En Roumanie Fernand du Boisrouvray fit la connaissance d'Adrian Ghinescu.  Ensemble, ils vivent au diapason des arbres et des roseaux, des bruits et des traces, des envols et des fuites.  Tous deux partagent leur inépuisable savoir.  En 1 980, Fernand du Boisrouvray adapte et réécrit les merveilleuses " Histoires de Chasse' du Roumain.  Quelques années plus tard cet ouvrage publié aux éditions du Gerfaut lui réservera une surprise. « Ces "Histoires de chasse" ont obtenu en 1981 le prix François Sommer.  Lorsque, après deux années, Ghinescu a pu enfin obtenir le visa nécessaire, il est venu à Paris recevoir son prix de Maurice Druon. Au cours de la cérémonie, ce dernier m'a pris à part. Sachant très bien qu'un étranger - aussi cultivé soit-il - n'aurait pu écrire un tel français, il me félicita pour la qualité inattendue de ma prose et demanda où j'avais bien pu apprendre à écrire ainsi. je dois dire que ma réponse le surprit quelque peu. Maurice Druon ne pensait guère rencontrer à la Maison de la chasse l'un des fondateurs de "Tel Quel". »

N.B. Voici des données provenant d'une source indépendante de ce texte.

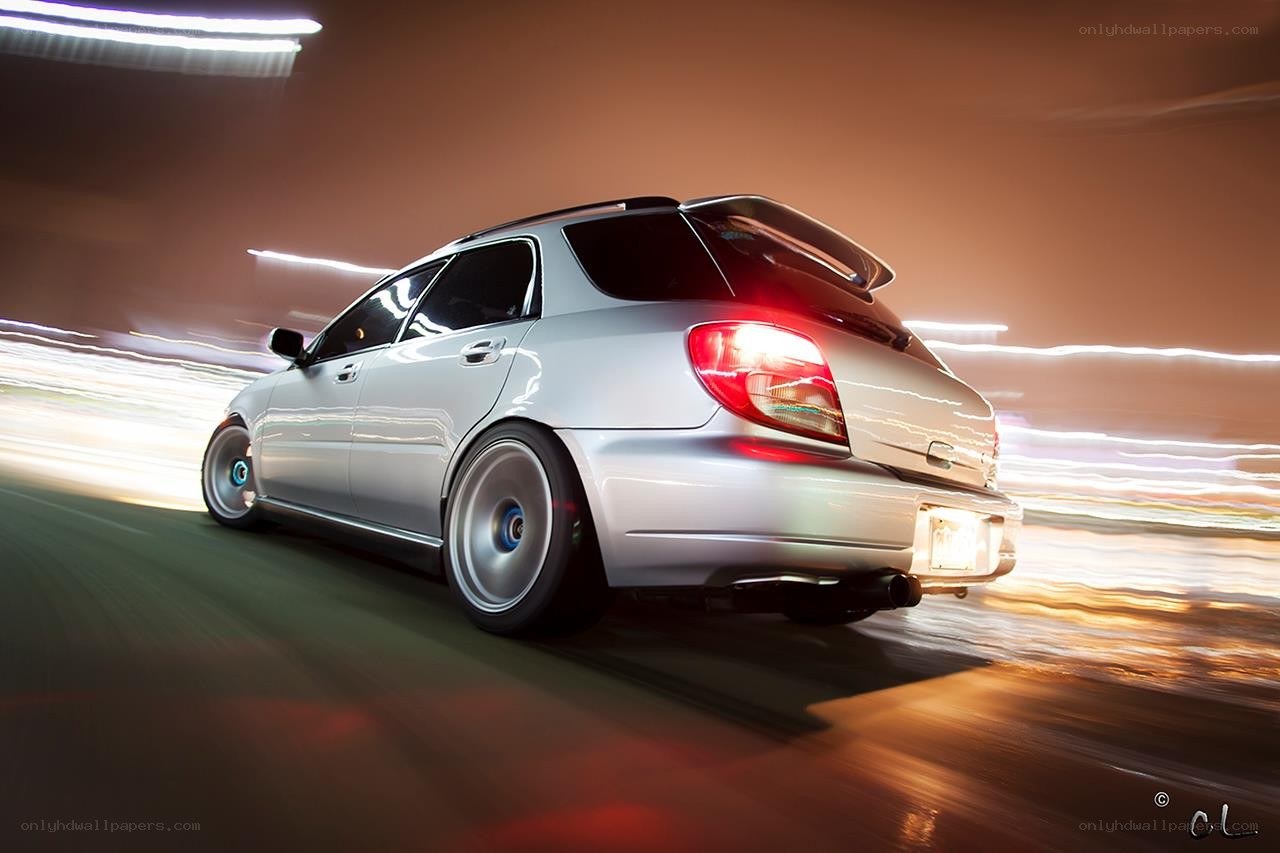 silver car in motion at night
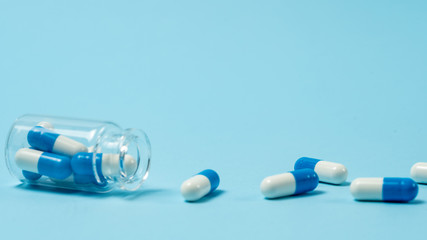 Studio shot of medical pills on blue background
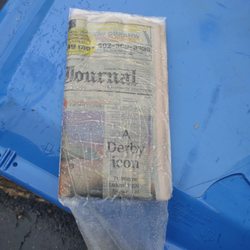 Courier-Journal Newspaper - Paper once again was thrown in the driveway in the pouring ran instead of being placed in my paper box WHERE IT SHOULD BE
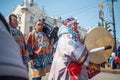 Artists of the folklore musical ensemble are walking along the street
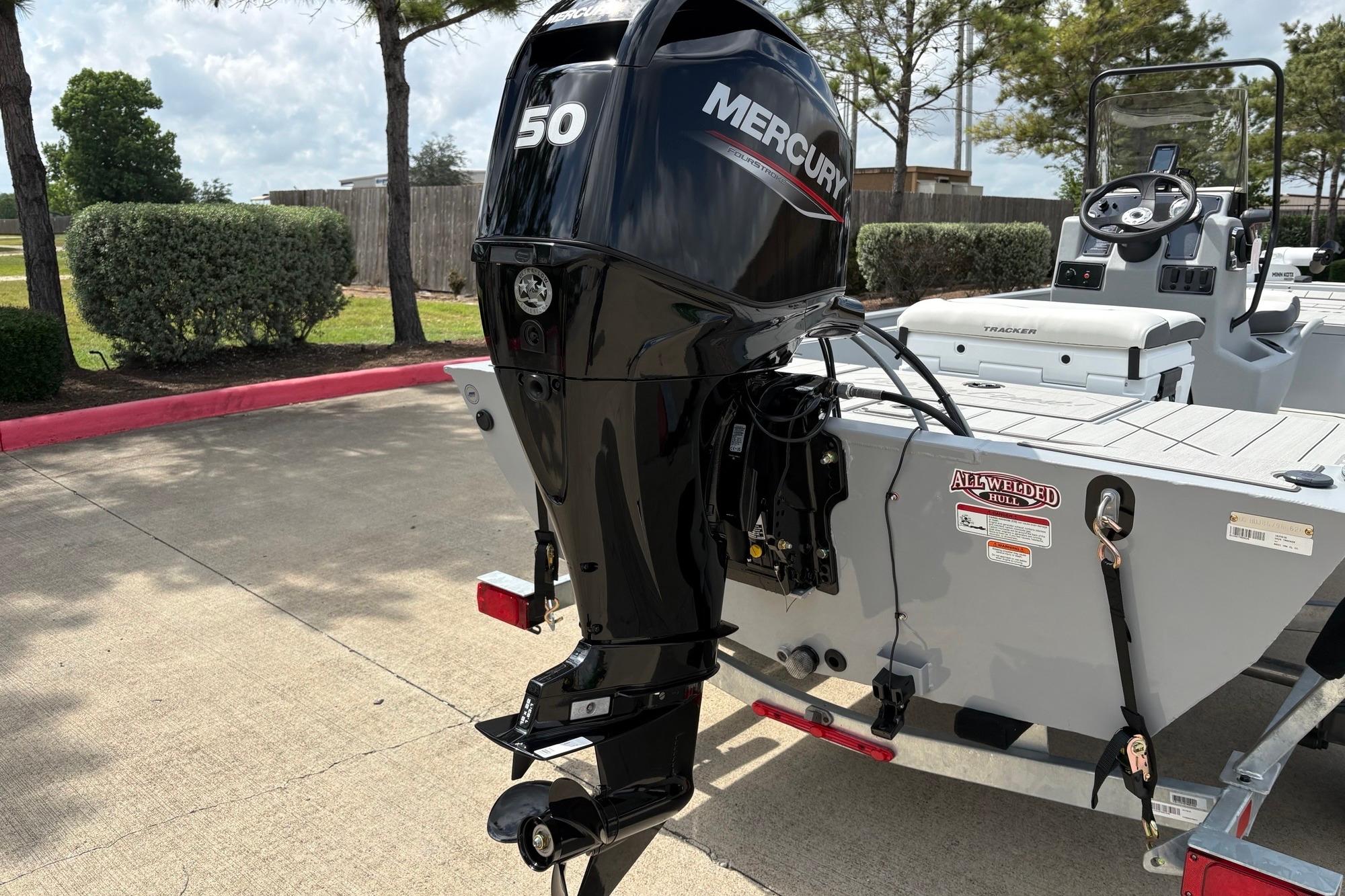 2026 Tracker Bass Tracker Classic CC with Mercury 50 outboard motor in a parking area.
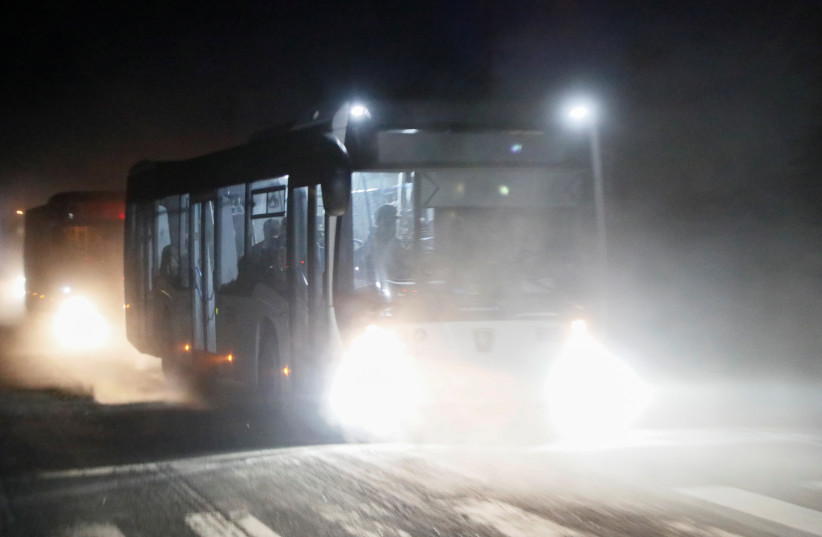 Buses carrying service members of Ukrainian forces from the besieged Azovstal steel mill drive away under escort of the pro-Russian military in the course of Ukraine-Russia conflict in Mariupol, Ukraine, May 16, 2022. (credit: REUTERS/ALEXANDER ERMOCHENKO)
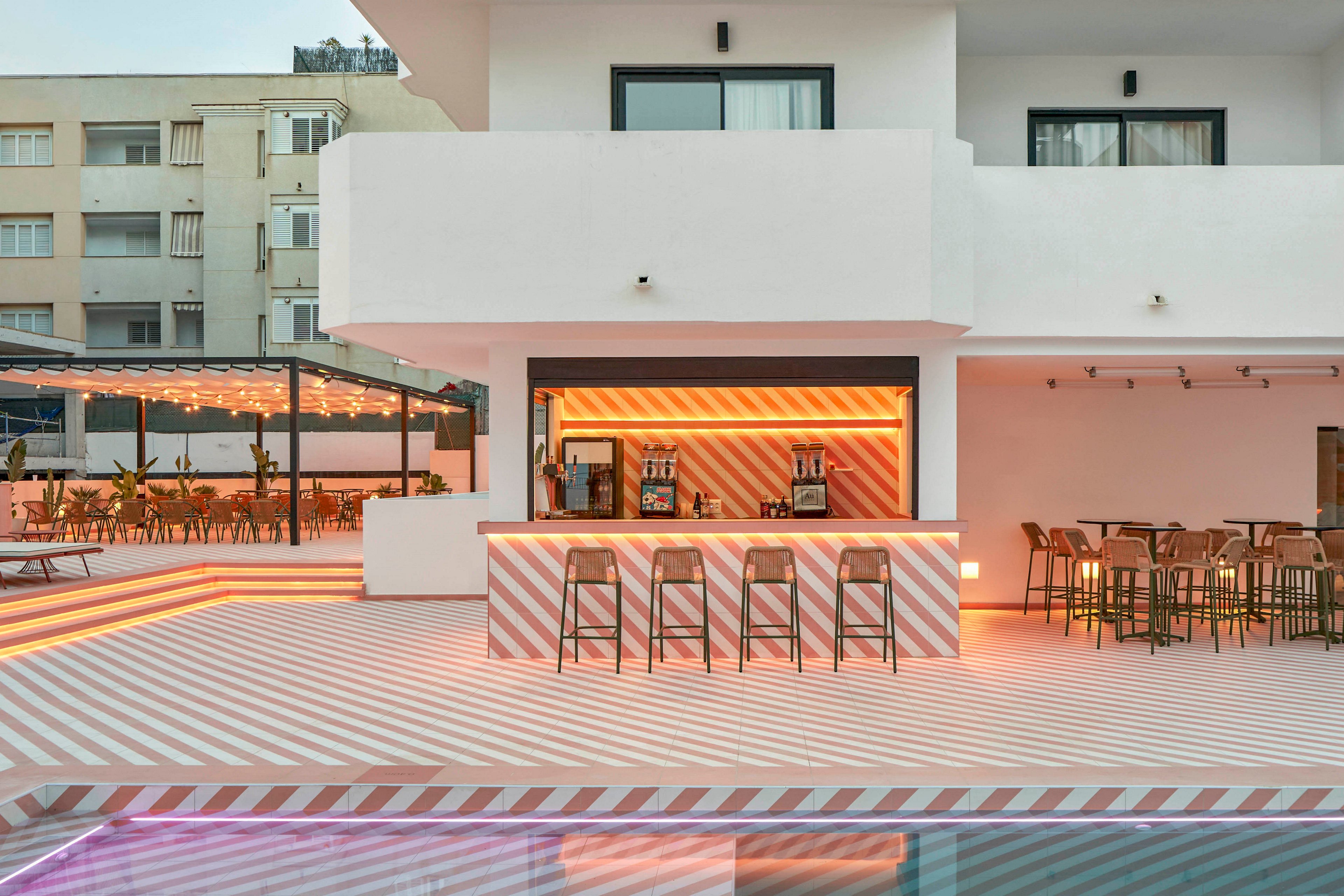 A stylish outdoor bar sits beside a swimming pool at a modern hotel. The architecture features clean white walls with geometric balconies and striped patterns on the bar front and pool deck. Bar stools and high tables create a relaxed social area, while warm accent lighting adds a welcoming glow. Nearby lounge chairs and covered seating suggest a resort atmosphere in an urban setting.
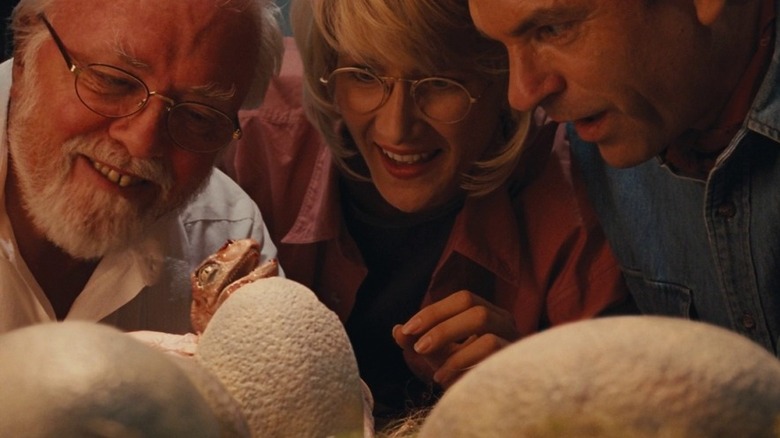 Scientists looking at dinosaur eggs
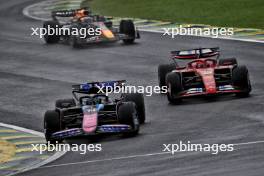 Esteban Ocon (FRA) Alpine F1 Team A524 and Charles Leclerc (MON) Ferrari SF-24 battle for position. 03.11.2024. Formula 1 World Championship, Rd 21, Brazilian Grand Prix, Sao Paulo, Brazil, Race Day.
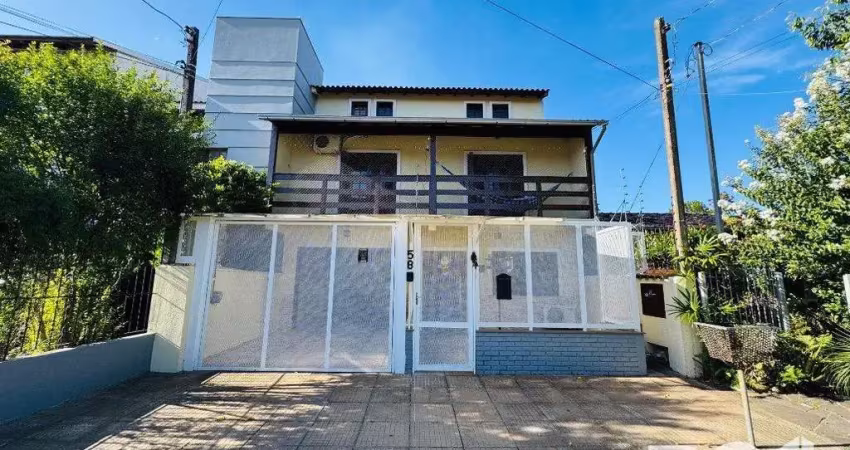 Casa com 4 quartos à venda na Rua Hermínio Bittencourt, 58, Hípica, Porto Alegre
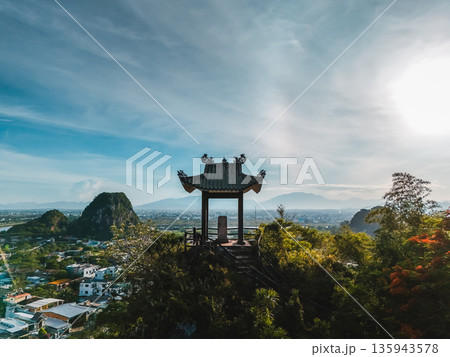 Pagoda pavilion atop Marble Mountains aerial view blue sky, Temple lookout on karst peak overlooking Danang valley panorama 135943578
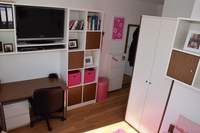 Blick vom Bett ins Zimmer. An Wand zum Bad Kleiderschrank und Regal über Fußende Bett. Linke Wand Schreibtisch und umlaufendes Regal mit TV und kleinen Schränken. Laminatboden. Dekorationen in Pink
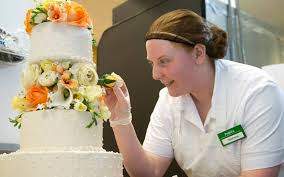 My wedding cake (publix) flowers are fake & were arranged by me. Publix Stephanie Puts The Finishing Touches On A Wedding Cake In Our Bakery Department Facebook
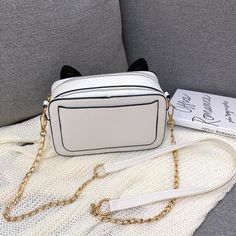 #SS0520 Material: PU Color: black, white Size: 19cm*12cm*7cm Shoulder strap length: 120cm Shipping: Free Shipping Worldwide for order over 15$, 7-15 days delivery to US/UK/CA/AU/FR/DE/IT and most Asia Countries Trendy White Shoulder Bag, White Casual Bags As Fashion Accessory, Trendy White Rectangular Phone Bag, Trendy White Phone Bag With Adjustable Strap, White Cat Design Shoulder Bag, Trendy White Bag With Cat Design, White Shoulder Bag With Cat Design, White Rectangular Shoulder Bag With Cat Design, Trendy White Phone Bag With Zipper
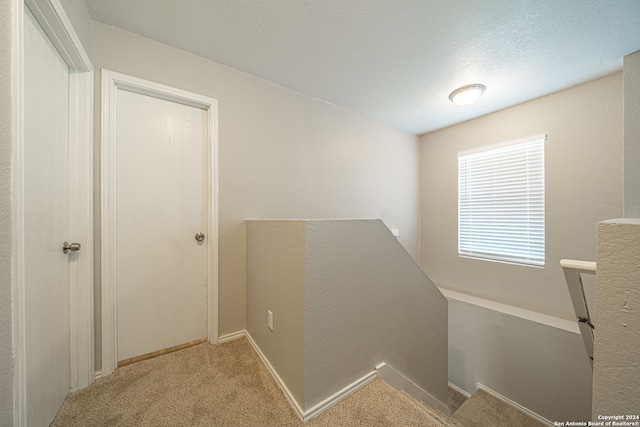 corridor featuring light carpet and a textured ceiling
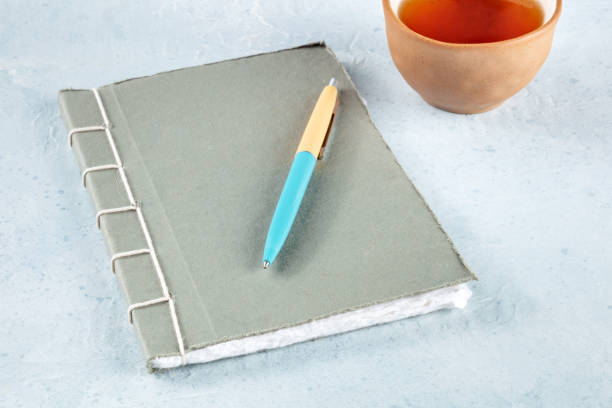 istock Diary. A handmade journal with a pen and a cup of tea 1446903887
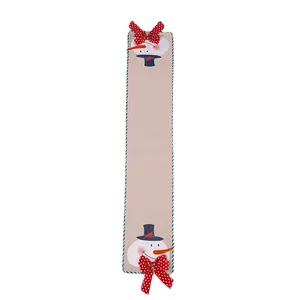 Festive Christmas linen table runner with cute snowman motifs and red polka-dot bows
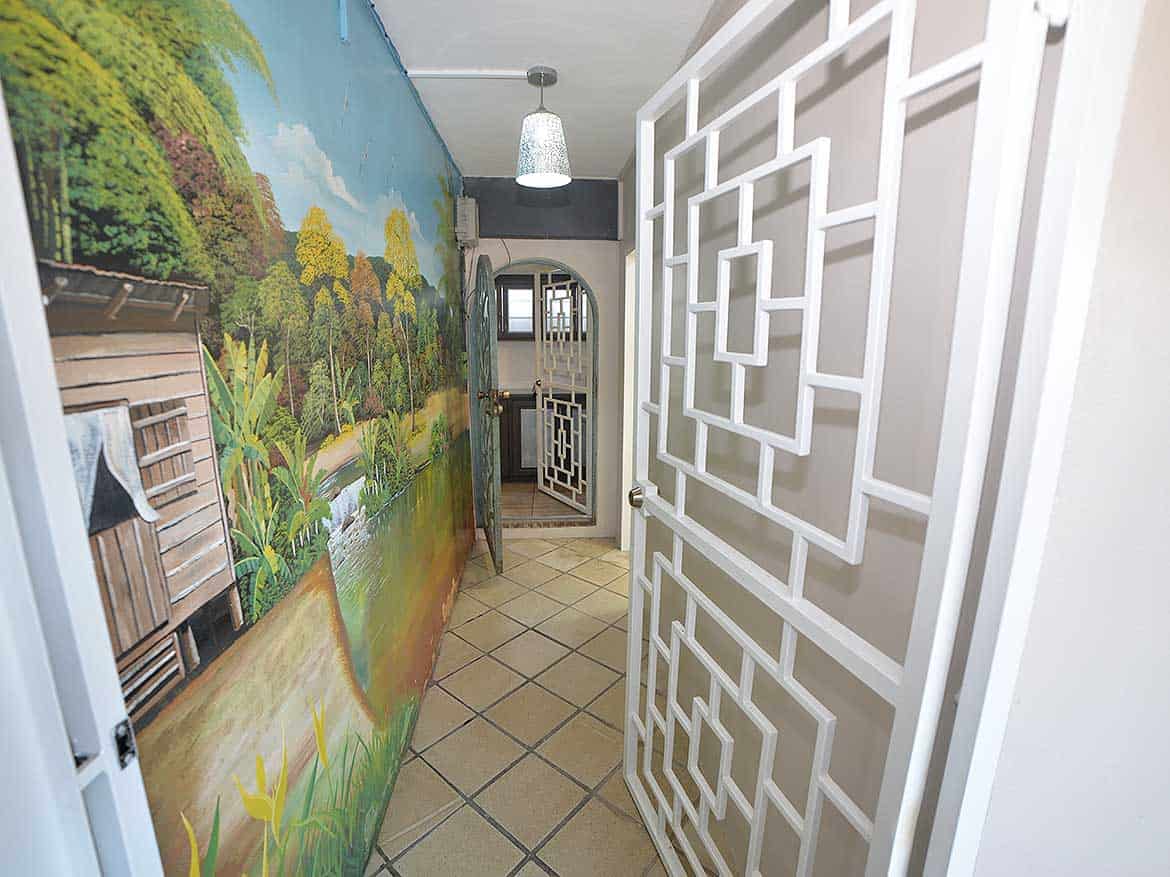 Interior View of 1-Bedroom Apartment Cornerstone- Modern apartment hallway with decorative wall art and geometric room divider.
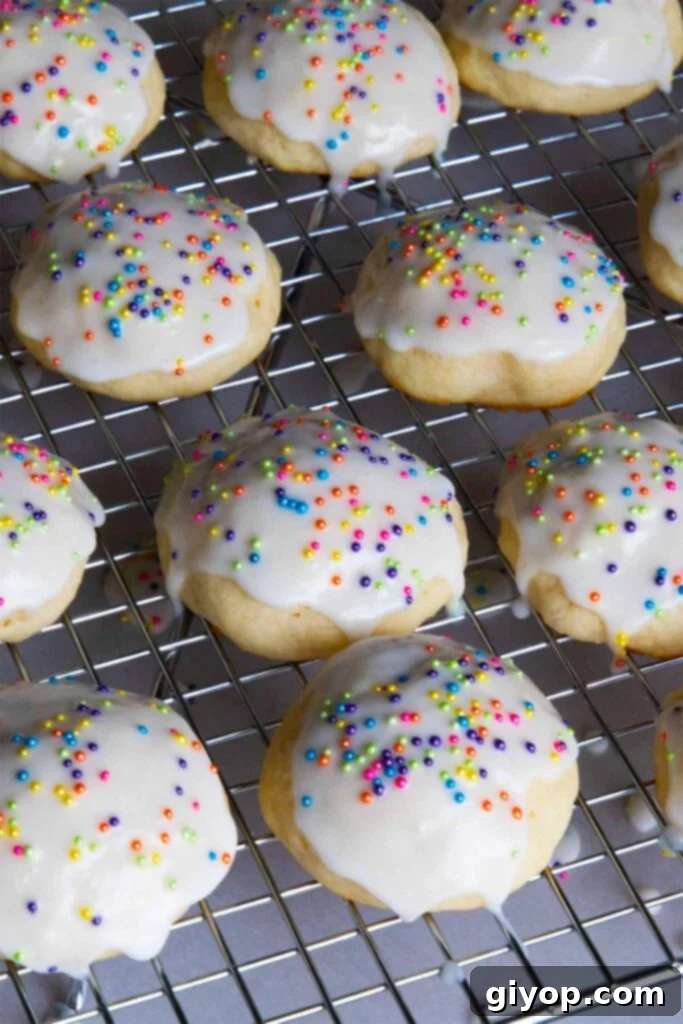 Italian ricotta cookies with glaze drying on a wire rack.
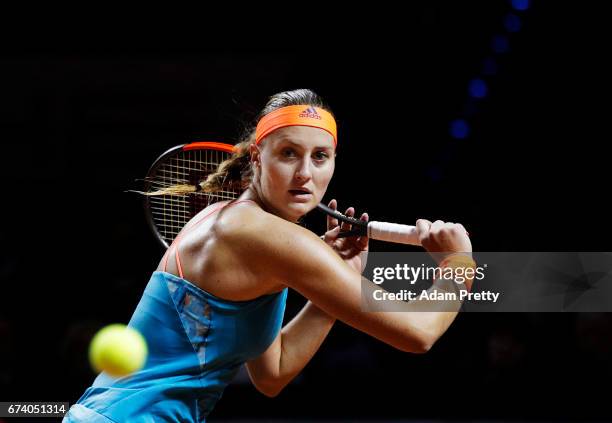 Kristina Mladenovic of France plays a backhand during her match against Angelique Kerber of Germany during the Porsche Tennis Grand Prix at Porsche...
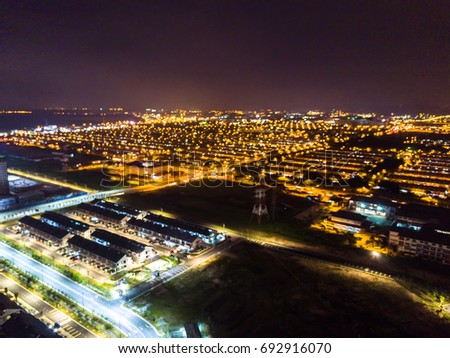 Aerial with blurred view of residential houses in night light.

Boisrouvray déploie une activité débordante.  Des entretiens avec Michel Crépeau alors ministre de l'Environnement, préface de plusieurs livres sur le Cerf (7), son animal de prédilection, sur lequel il prépare ce qui sera après "La forêt au fil de l'homme" son second grand ouvrage "Le Cerf et sa vénerie à travers les âges".  Cette somme tant attendue est annoncée pour 1997 au Gerfaut.  Après des années de maladie, passées quasi reclus dans son petit appartement parisien, Fernand du Boisrouvray s'éteint à l'été 1996 ; le jour baisse.  La forêt de Vierzon a recueilli ses cendres mêlées à celles de Marielle ...
Par son regard sur le monde, et ce qu'il aura laissé en héritage à ses contemporains Fernand du Boisrouvray aura réussi à remplir la mission de service que Philippe Sollers assignait à "Tel Quel" : "Ne pas mourir de désespoir dans un monde d'ignorance et de perversion."

Michel Dejus

(1) "L'Infini", printemps 1995, Gallimard
(2) "Le parti pris des choses" de Francis Ponge, collection PoésielGallimard.
(3) "Histoire de Tel Quel" de Philippe Forest, Seuil, 655 p., 180 F.
(4) "Une vallée sous les nuages", n° 1 printemps 1960.  "Pages inécrites", n° 3 automne 1960. "Sur la tombe du surréel", n° 6 été 1961.  "Musique et fruits", n° 8 hiver 1962. "Contre-jour", n° 12 hiver 1963.
(5) Elle ne sera officialisée qu'en février 1967.
(6) "La chasse en question " de Fernand du Boisrouvray, illustrations de Jean Marcellin, Gerfaut Club.
(7) Notamment la préface du magistral ouvrage de Guy Bonnet et François Klein, "Le Cerf", éditions Hatier.  Voir le St. Hubert n° 9-p.20.